India leaps to first polio-free nation, but might a second attempt be needed?

Last September, India became the first country in the world to give an oral polio vaccine to every child under the age of five.

The World Health Organization and partner organizations, including Rotary International, have designated the move a major milestone in global polio eradication. India also launched a vaccination drive, joining Pakistan, Afghanistan and Nigeria in providing the oral polio vaccine in schools and places of worship.

According to the latest WHO figures, the number of children living in polio-endemic areas of Afghanistan, Nigeria and Pakistan have fallen from about 47 million in 2015 to 32 million this year, making the three countries polio-free for the first time in 15 years.

In India, though, the stock of polio-carrying wild virus is said to be high and there is still some talk of reintroducing the disease, though polio officials say that’s very unlikely. The major reasons behind the need for a new vaccine are both political and cultural. In Afghanistan, large numbers of nomadic groups still regard the vaccine as a Western threat and the northern tribal areas of Pakistan are rather tightly controlled by militant groups.

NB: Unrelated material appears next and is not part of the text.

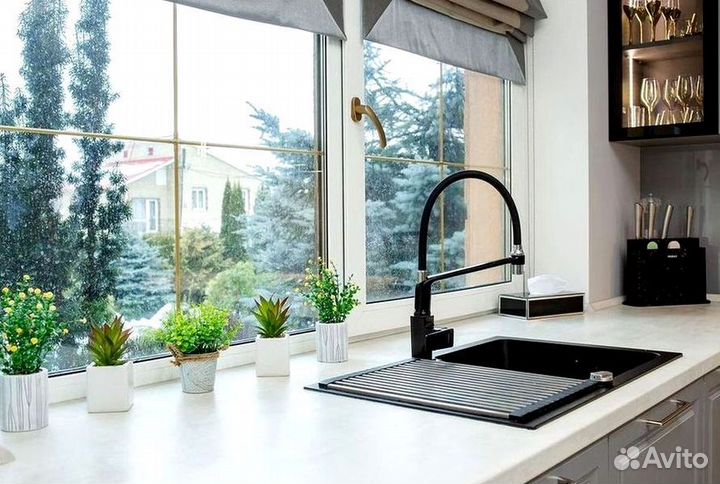 Кухонный гарнитур в современном стиле на заказ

So far, a new oral polio vaccine — developed in collaboration with the U.S. government — has been developed and distributed to 5.4 million children in both Pakistan and India. In Pakistan, this vaccine, called Varilac, was deemed as the first truly effective oral polio vaccine in the developing world in the 1990s. But the move was met with some resistance and eventually, production of the vaccine was halted as militants pressured manufacturers to halt production and on some occasions blocked shipments from making their way to Pakistan.

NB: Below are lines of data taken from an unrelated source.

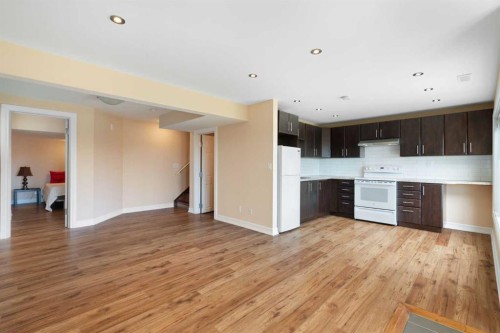 196 Nolanfield Way Nw, Calgary, AB - Indoor Photo Showing Kitchen
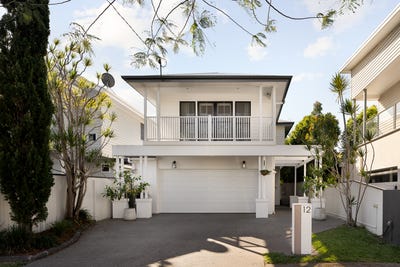 /international/au/12-long-street-hendra-qld-148400268/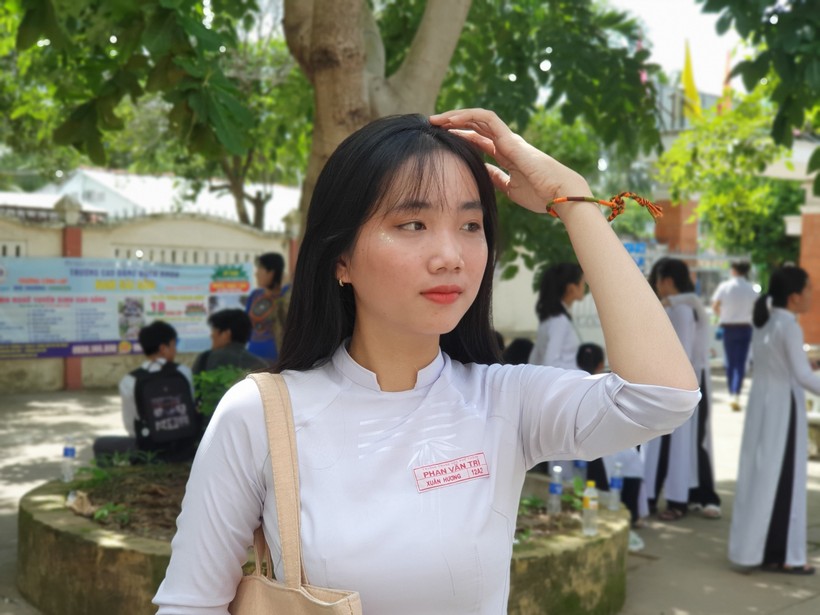 HS Nguyễn Xuân Hương.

Indian officials hope this new vaccine, called Omnilam, will address the culture of fear and resistance. But the research has not been entirely convincing, a recent report by Reuters on researchers of the Omnilam project, funded by Rotary, found.

India’s Omnilam oral polio vaccine was tested in 14 selected districts in 2010 and the analysts found that the vaccine was only effective in half of the cases.

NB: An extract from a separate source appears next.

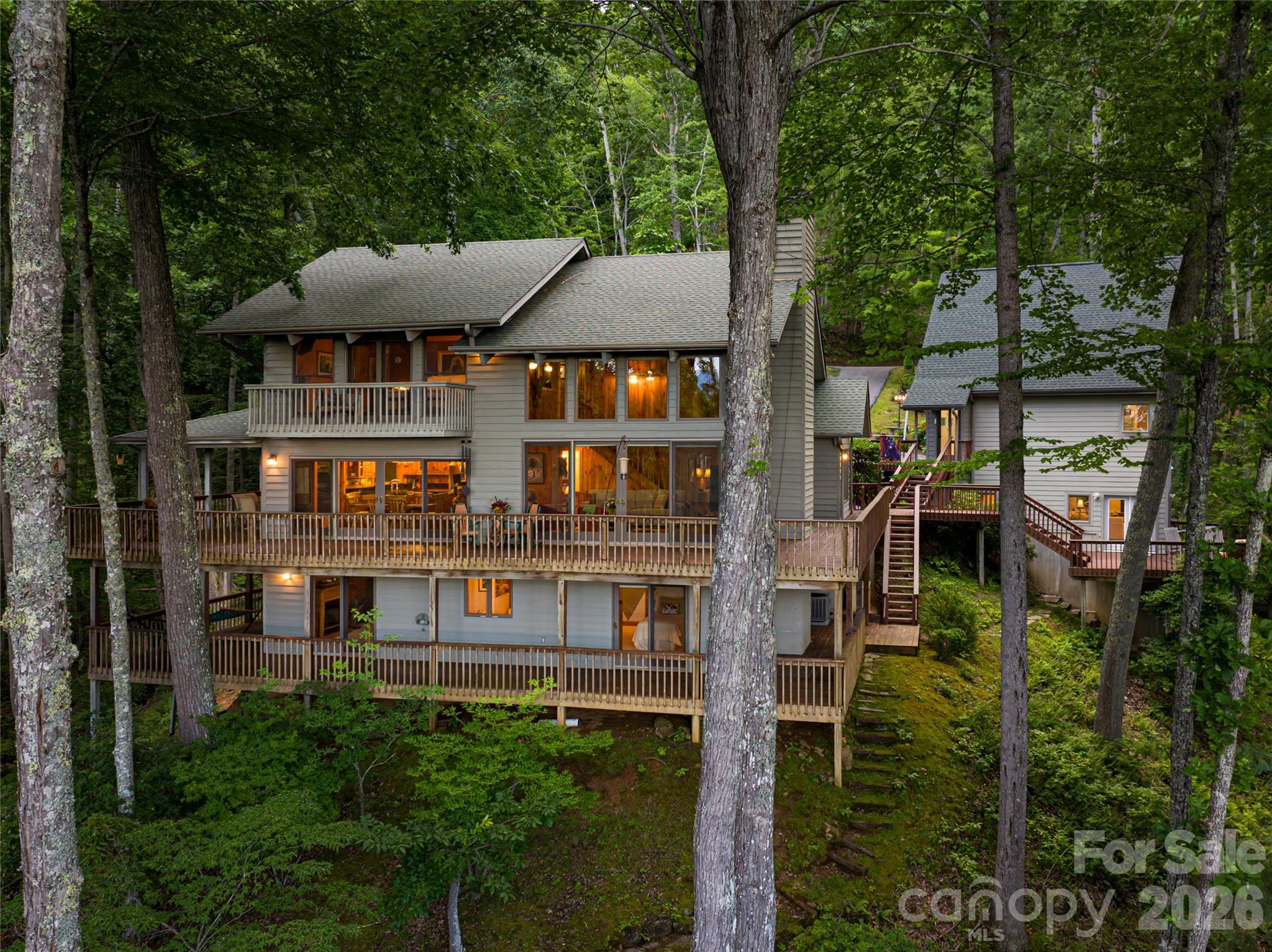163 Tweetys Knoll Property Photo 46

The overall effectiveness of the treatment was also mixed. In children who were vaccinated with Omnilam, researchers saw more than an 80 percent chance of stopping the disease within three months, but this was not the case for many other vaccines. The report by Reuters suggests some poor planning and a potential mixed up interpretation of infection caused by other vaccinations in the past. And now, in order to stem the transmission of polio, researchers have also started testing a more effective oral vaccine, called CMV-VAX, with an eye to an approval for rollout in Pakistan and Afghanistan.

According to the Guardian, the Indian National Tuberculosis Control Programme recently tested this vaccine on 11,500 children in districts in the Punjab, the northern state that has recently seen an increase in tuberculosis cases. Initial results from the test found no indication of resistance among the children.

Whether or not India’s response to polio is successful will be determined by the pace of vaccine production and the ability of aid organizations to access areas of high polio transmission.